Lexical grammar: Why do context-sensitive tokens require multiple goal symbols?

monica · November 15, 2021, 5:15am

According to Section 12: Lexical Grammar:

There are several situations where the identification of lexical input elements is sensitive to the syntactic grammar context that is consuming the input elements. This requires multiple goal symbols for the lexical grammar.

I understand that the meaning of / depends on the context in which it appears (division, regex or comment) and that the lexer cannot distinguish between division and regex contexts on its own (a lookbehind won't suffice in situations where the previous token is itself ambiguous, e.g. }/ or )/).

But I'm not sure I understand why this necessitates two separate goal symbols.

Why can't we put both under the same goal symbol, e.g.

InputElement::
     [...]
     DivPunctuator
     RegularExpressionLiteral
     [...]

...and let the parser tell the lexer which production to use (DivPunctuator vs RegExLiteral), rather than which goal symbol to use (InputElementDiv vs InputElementRegEx)?

jmdyck · November 15, 2021, 3:02pm

Well, we could, but I don't think we should.
(1) That would make the grammar for InputElement ambiguous.

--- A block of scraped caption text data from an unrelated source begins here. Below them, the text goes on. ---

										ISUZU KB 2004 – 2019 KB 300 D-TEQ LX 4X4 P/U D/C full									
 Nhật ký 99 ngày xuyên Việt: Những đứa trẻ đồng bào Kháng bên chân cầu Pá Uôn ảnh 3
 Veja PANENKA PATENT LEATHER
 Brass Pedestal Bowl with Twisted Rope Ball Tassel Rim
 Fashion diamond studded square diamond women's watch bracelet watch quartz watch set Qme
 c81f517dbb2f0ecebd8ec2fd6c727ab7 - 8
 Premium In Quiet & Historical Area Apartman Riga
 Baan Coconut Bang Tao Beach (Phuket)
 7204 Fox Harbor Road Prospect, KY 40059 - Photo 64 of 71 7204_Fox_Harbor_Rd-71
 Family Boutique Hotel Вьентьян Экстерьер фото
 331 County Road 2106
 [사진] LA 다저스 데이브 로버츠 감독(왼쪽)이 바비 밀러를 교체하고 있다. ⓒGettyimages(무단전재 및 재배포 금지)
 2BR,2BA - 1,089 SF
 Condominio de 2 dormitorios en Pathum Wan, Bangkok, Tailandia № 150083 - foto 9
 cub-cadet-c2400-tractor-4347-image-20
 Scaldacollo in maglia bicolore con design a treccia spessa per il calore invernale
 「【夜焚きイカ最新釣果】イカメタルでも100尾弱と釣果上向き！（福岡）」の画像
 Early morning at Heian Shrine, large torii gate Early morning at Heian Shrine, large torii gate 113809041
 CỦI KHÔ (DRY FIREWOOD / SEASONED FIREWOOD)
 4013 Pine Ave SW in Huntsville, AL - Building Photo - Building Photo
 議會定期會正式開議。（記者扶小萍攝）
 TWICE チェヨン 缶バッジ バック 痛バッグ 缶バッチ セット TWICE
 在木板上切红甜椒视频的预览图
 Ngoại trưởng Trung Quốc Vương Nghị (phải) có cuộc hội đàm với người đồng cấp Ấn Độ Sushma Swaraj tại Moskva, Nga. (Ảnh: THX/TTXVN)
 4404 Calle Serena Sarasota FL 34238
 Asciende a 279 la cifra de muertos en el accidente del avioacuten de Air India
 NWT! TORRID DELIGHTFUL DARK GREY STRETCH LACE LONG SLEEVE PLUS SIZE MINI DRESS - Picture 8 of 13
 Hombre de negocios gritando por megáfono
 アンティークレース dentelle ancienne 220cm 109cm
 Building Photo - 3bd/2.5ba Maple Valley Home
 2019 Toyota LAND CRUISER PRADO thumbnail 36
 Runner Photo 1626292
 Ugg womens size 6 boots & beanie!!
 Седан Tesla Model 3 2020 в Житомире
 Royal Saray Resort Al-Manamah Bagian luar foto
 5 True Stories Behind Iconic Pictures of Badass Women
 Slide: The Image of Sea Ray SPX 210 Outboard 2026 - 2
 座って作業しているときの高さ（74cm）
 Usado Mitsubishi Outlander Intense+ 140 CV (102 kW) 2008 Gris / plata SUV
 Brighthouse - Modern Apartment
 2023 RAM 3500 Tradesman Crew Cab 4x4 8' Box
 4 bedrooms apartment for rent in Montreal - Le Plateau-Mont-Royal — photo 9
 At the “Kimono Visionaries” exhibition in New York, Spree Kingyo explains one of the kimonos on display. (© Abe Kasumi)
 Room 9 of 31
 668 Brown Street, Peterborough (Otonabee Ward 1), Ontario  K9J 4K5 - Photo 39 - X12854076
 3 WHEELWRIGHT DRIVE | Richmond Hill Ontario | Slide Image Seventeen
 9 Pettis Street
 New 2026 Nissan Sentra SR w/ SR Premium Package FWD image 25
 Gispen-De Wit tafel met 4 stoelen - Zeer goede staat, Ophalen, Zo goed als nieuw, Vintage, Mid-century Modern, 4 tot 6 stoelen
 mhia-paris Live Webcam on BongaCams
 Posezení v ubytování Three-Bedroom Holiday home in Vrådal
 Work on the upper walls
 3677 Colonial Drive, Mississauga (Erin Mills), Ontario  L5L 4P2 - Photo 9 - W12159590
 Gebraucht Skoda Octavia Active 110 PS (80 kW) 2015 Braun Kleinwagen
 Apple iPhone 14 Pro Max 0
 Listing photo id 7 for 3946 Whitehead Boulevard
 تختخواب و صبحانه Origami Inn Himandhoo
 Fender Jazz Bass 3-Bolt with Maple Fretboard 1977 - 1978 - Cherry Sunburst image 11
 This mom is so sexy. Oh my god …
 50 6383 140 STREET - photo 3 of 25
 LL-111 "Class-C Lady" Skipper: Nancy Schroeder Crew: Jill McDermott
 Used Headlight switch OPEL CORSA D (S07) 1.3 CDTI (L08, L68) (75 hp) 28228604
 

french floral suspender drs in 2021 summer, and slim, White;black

(2) If you want to treat the lexical parser as a black box with a knob that controls its behavior, then it's simpler (more 'natural') to say say that the knob selects the goal symbol to use, than to say the knob reaches into the lexical grammar and temporarily modifies one of its productions.

(3) If the spec used such production-modification for this purpose, then the reader would wonder if it's used elsewhere, and their certainty about the grammar would decrease.

jmdyck · November 15, 2021, 7:15pm

On second thought, it wouldn't make the grammar for InputElement ambiguous, so scratch reason 1.

monica · November 16, 2021, 12:18am

Thank you @jmdyck.

Just to clarify, my post is not a proposal.

monica · November 16, 2021, 1:13am

Yes, is this because of the maximal munch rule?

I also wondered if InputElement would mess up ASI. For example, in

a = b
/hi/g;

maximal munch would cause /hi/g to be misparsed a regex literal and the parser would end up ASI'ing the input into a = b; /hi/g;. But this wouldn't happen if the parser signals the lexer to treat the leading / as a DivPunctuator.

So the reason for multiple goal symbols comes down to points 2 and 3?

jmdyck · November 16, 2021, 3:02am

No. In context free grammars, ambiguity means that there's more than one way to derive some text from some symbol. But your suggested production doesn't cause that. There's only one way for InputElement to derive / (via DivPunctuator), and there's only one way for it to derive /foo/ (via RegularExpressionLiteral). That much is true regardless of the maximal munch rule.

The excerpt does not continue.